Retype the listing exactly; omit pictures.

▸ Given information
*** Block opens ***

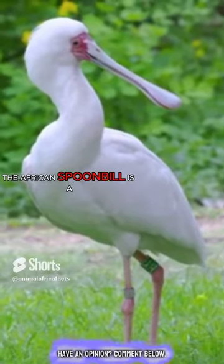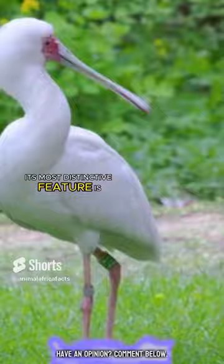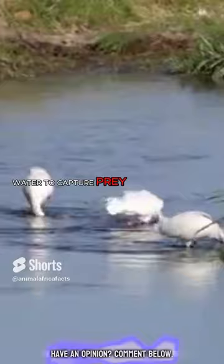The African spoonbill is a wading bird found in African wetlands. Its most distinctive feature is its long, flat bill, shaped like a spoon, used for sweeping through shallow water to capture prey. This unique adaptation sets it apart from other wading birds and aids in its specialised feeding behaviour.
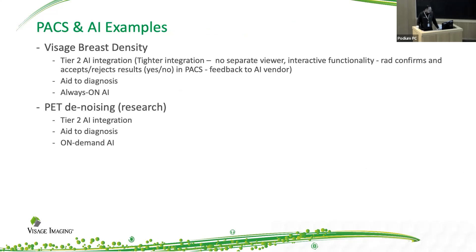I'm going to give two examples. One is something that is commercially available, and another is something that we're doing as research. Both of these are done in partnership with Yale University. Both of them are what I would call tier two AI integration and they help with diagnosis. The first one is breast density — this is an always-on AI running in the background. The second one is an on-demand AI that you trigger to activate.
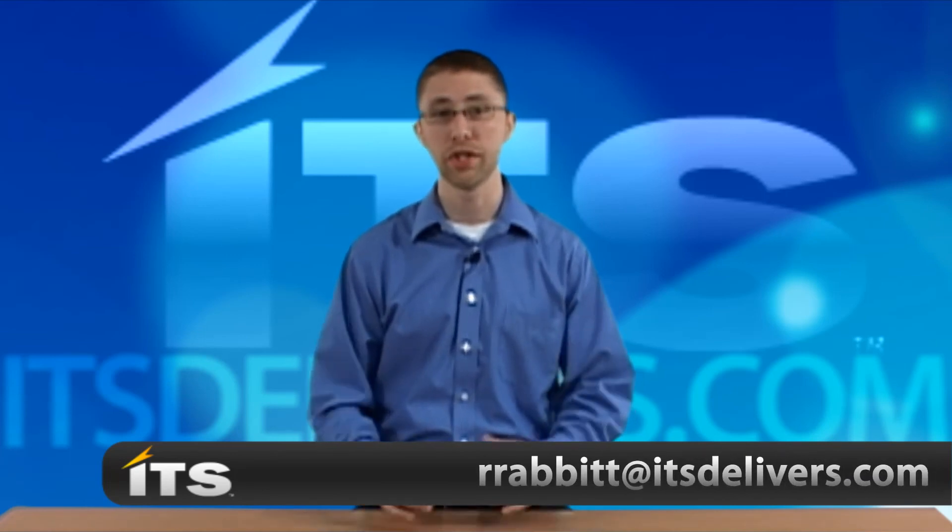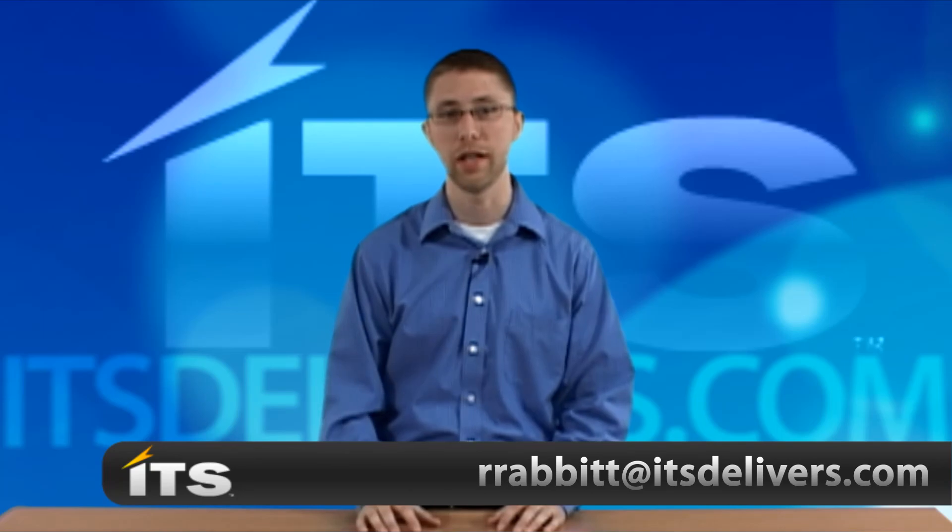Thank you for watching our video today. If there are any questions, please don't hesitate to contact us. Thanks.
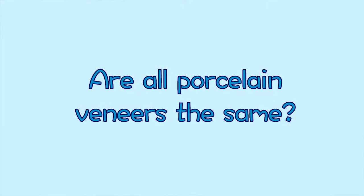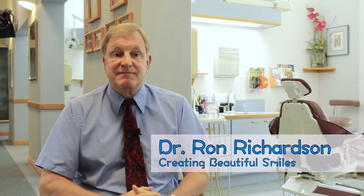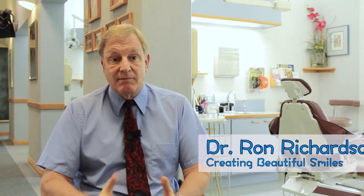All porcelain veneers are not the same. It really has to do with the technology and the artistry of the lab. One of the first things I did 15 to 20 years ago was line myself up with world-class labs. And what that means is they're putting the art in the porcelain. Porcelain can be flat, dull, one color, and they look like that.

*** Block closes ***

▸ Task answer
The African spoonbill is a wading bird found in African wetlands. Its most distinctive feature is its long, flat bill, shaped like a spoon, used for sweeping through shallow water to capture prey. This unique adaptation sets it apart from other wading birds and aids in its specialised feeding behaviour.
I'm going to give two examples. One is something that is commercially available, and another is something that we're doing as research. Both of these are done in partnership with Yale University. Both of them are what I would call tier two AI integration and they help with diagnosis. The first one is breast density — this is an always-on AI running in the background. The second one is an on-demand AI that you trigger to activate.
Thank you for watching our video today. If there are any questions, please don't hesitate to contact us. Thanks.
All porcelain veneers are not the same. It really has to do with the technology and the artistry of the lab. One of the first things I did 15 to 20 years ago was line myself up with world-class labs. And what that means is they're putting the art in the porcelain. Porcelain can be flat, dull, one color, and they look like that.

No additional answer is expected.